▶ **Collected material**:
........

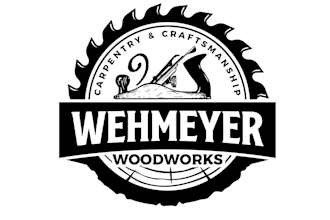 vintage style woodworking logo design for artisan craftsmen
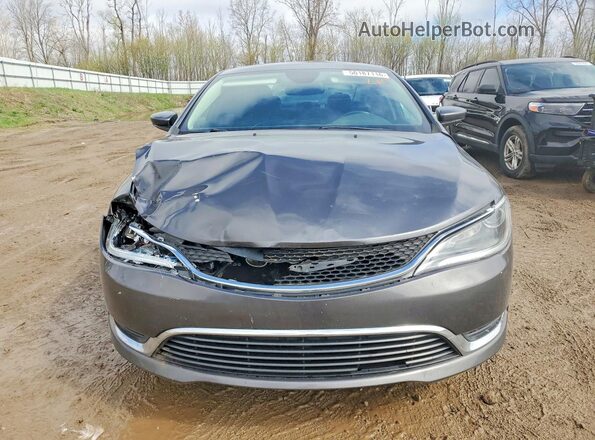 1C3CCCAB1GN104696 2016 CHRYSLER 200 Charcoal Widok z przodu
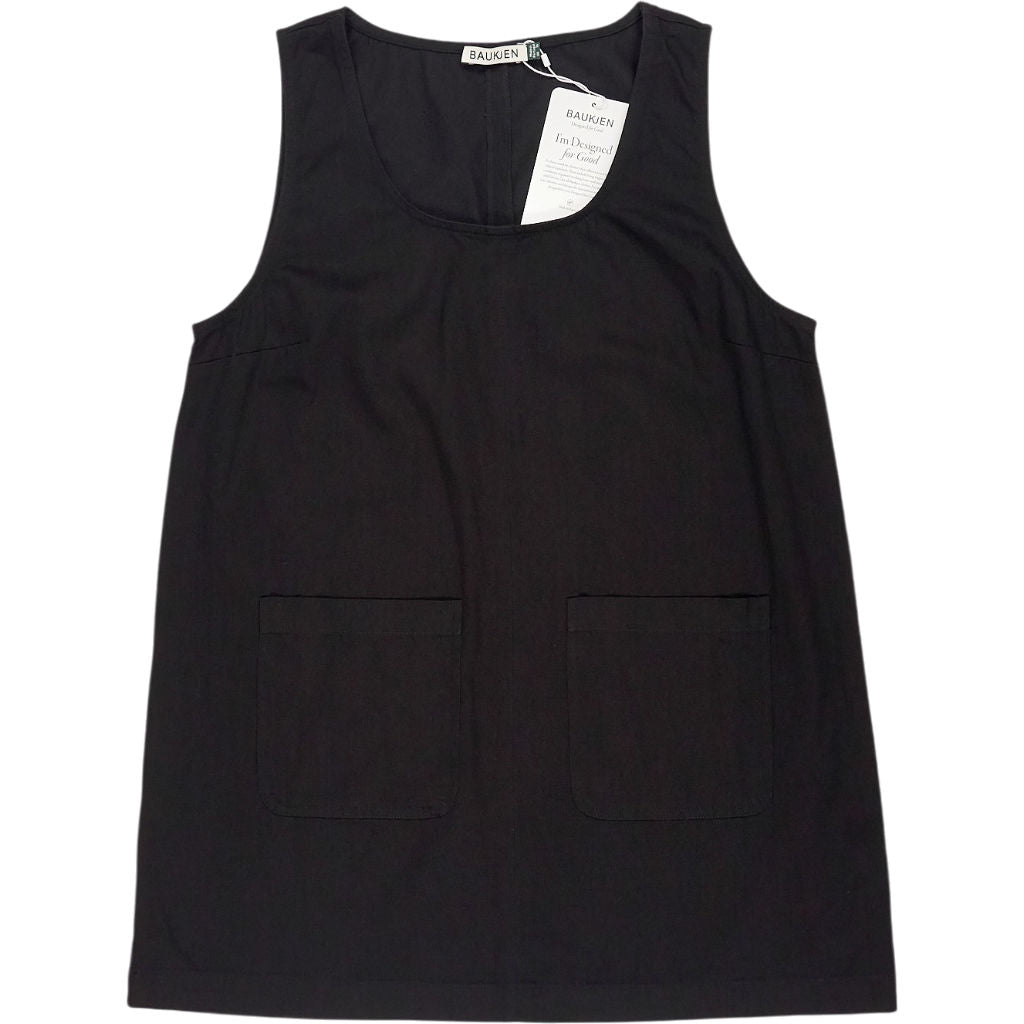 Baukjen Black Leah Organic Denim Mini Dress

........

▶ **Problem to solve**:
Give back the full listing word for word, with the pictures left out.

▶ **Exercise result**:
 vintage style woodworking logo design for artisan craftsmen
 1C3CCCAB1GN104696 2016 CHRYSLER 200 Charcoal Widok z przodu
 Baukjen Black Leah Organic Denim Mini Dress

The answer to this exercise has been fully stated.